Task instructions =>
Print the records below exactly as they appear. Omit all pictures.
=-=-=
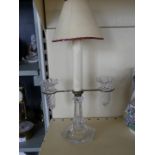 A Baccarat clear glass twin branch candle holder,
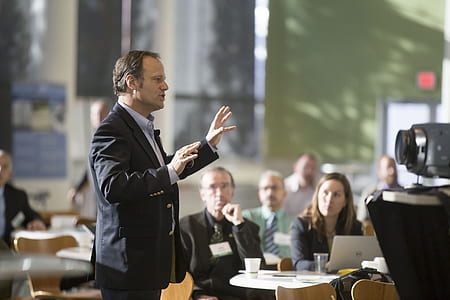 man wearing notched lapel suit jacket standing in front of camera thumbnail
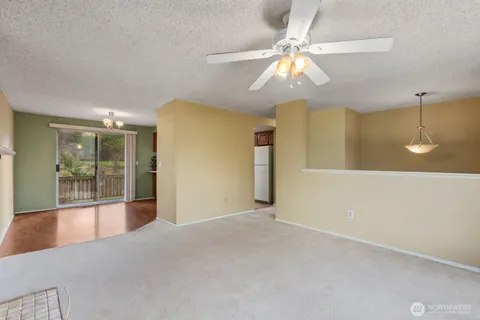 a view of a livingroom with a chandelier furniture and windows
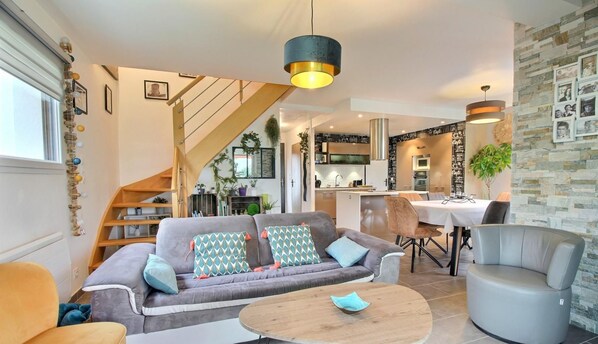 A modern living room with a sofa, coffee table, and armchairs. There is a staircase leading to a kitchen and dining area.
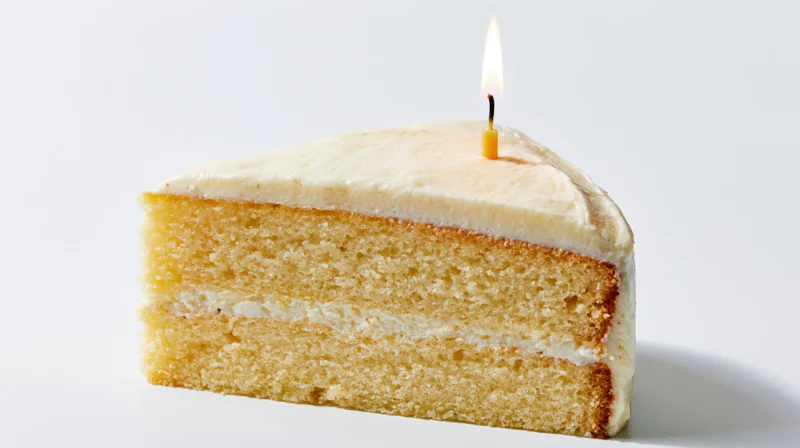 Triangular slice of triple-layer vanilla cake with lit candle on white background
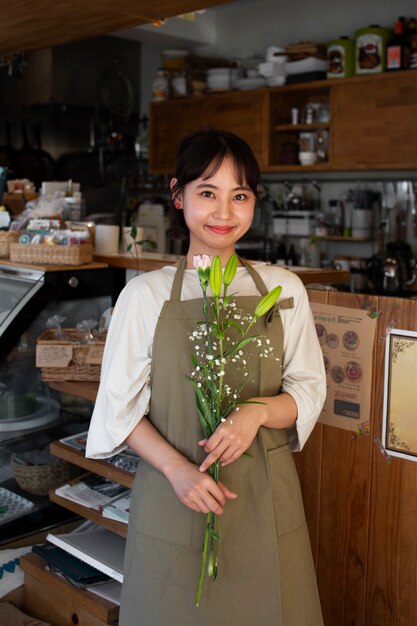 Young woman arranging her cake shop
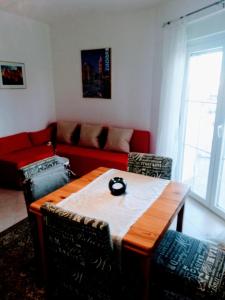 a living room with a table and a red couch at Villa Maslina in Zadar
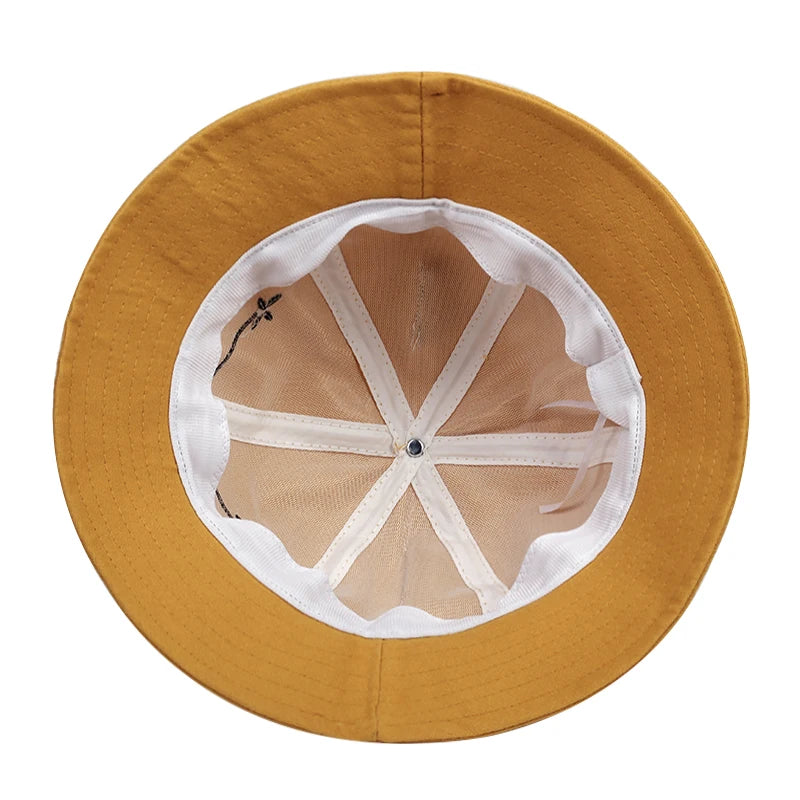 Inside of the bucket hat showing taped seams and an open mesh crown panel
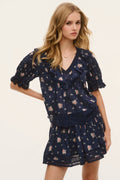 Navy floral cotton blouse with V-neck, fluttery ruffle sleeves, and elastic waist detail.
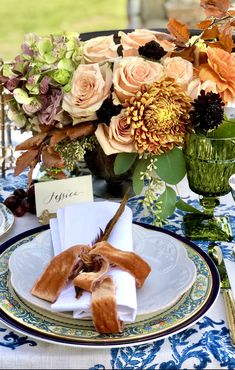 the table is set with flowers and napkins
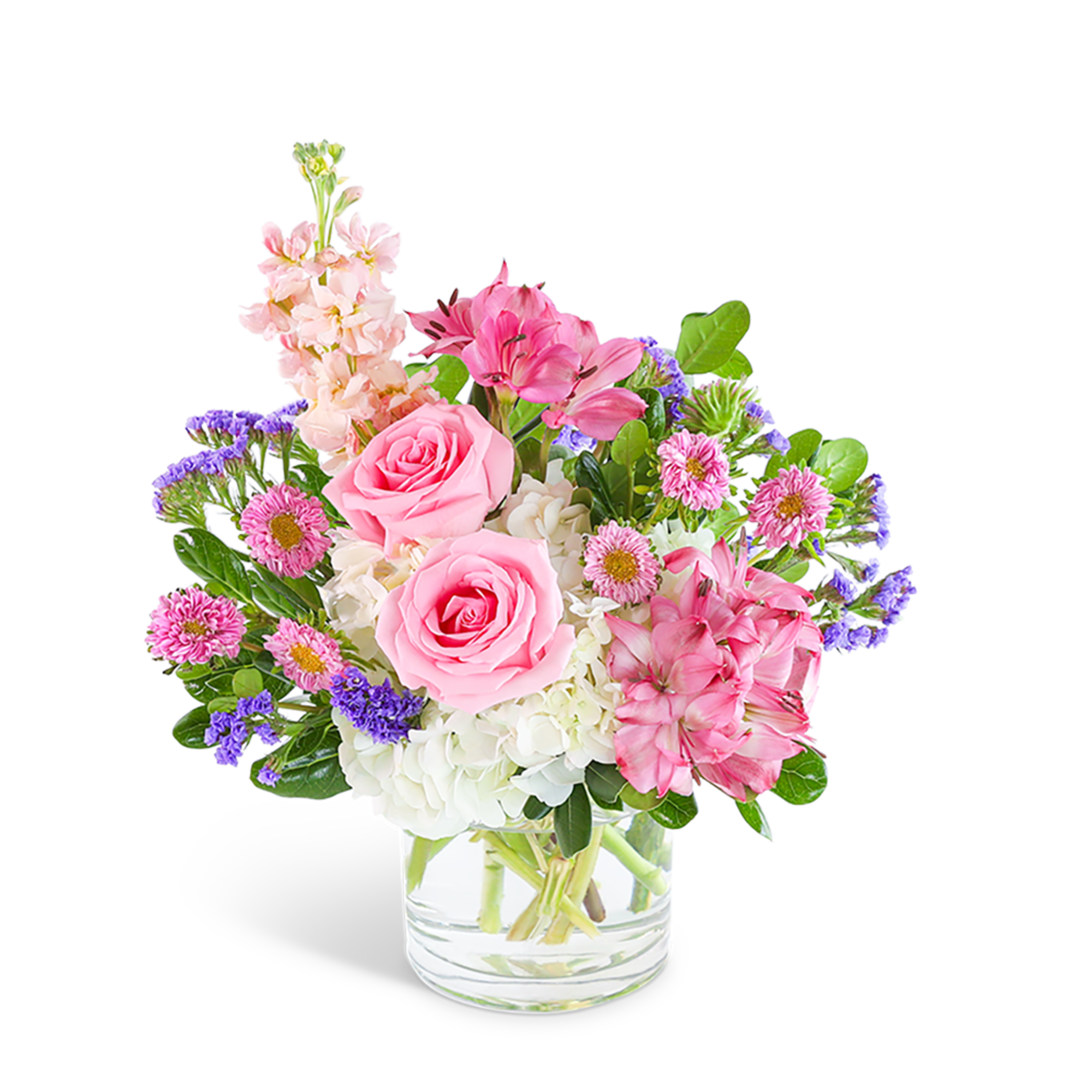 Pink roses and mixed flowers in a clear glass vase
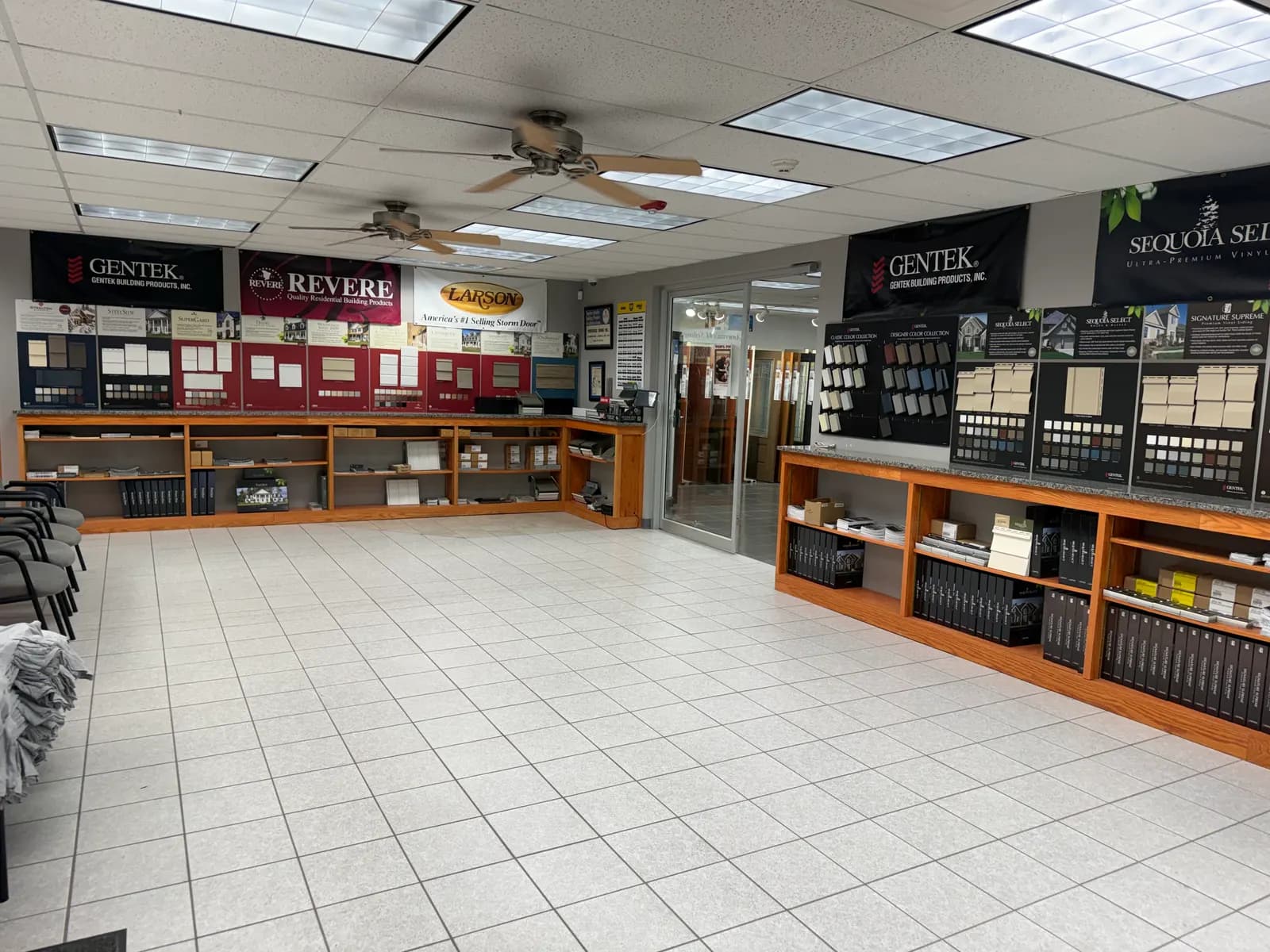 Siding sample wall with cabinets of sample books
=-=-=
Completed task =>
 A Baccarat clear glass twin branch candle holder,
 man wearing notched lapel suit jacket standing in front of camera thumbnail
 a view of a livingroom with a chandelier furniture and windows
 A modern living room with a sofa, coffee table, and armchairs. There is a staircase leading to a kitchen and dining area.
 Triangular slice of triple-layer vanilla cake with lit candle on white background
 Young woman arranging her cake shop
 a living room with a table and a red couch at Villa Maslina in Zadar
 Inside of the bucket hat showing taped seams and an open mesh crown panel
 Navy floral cotton blouse with V-neck, fluttery ruffle sleeves, and elastic waist detail.
 the table is set with flowers and napkins
 Pink roses and mixed flowers in a clear glass vase
 Siding sample wall with cabinets of sample books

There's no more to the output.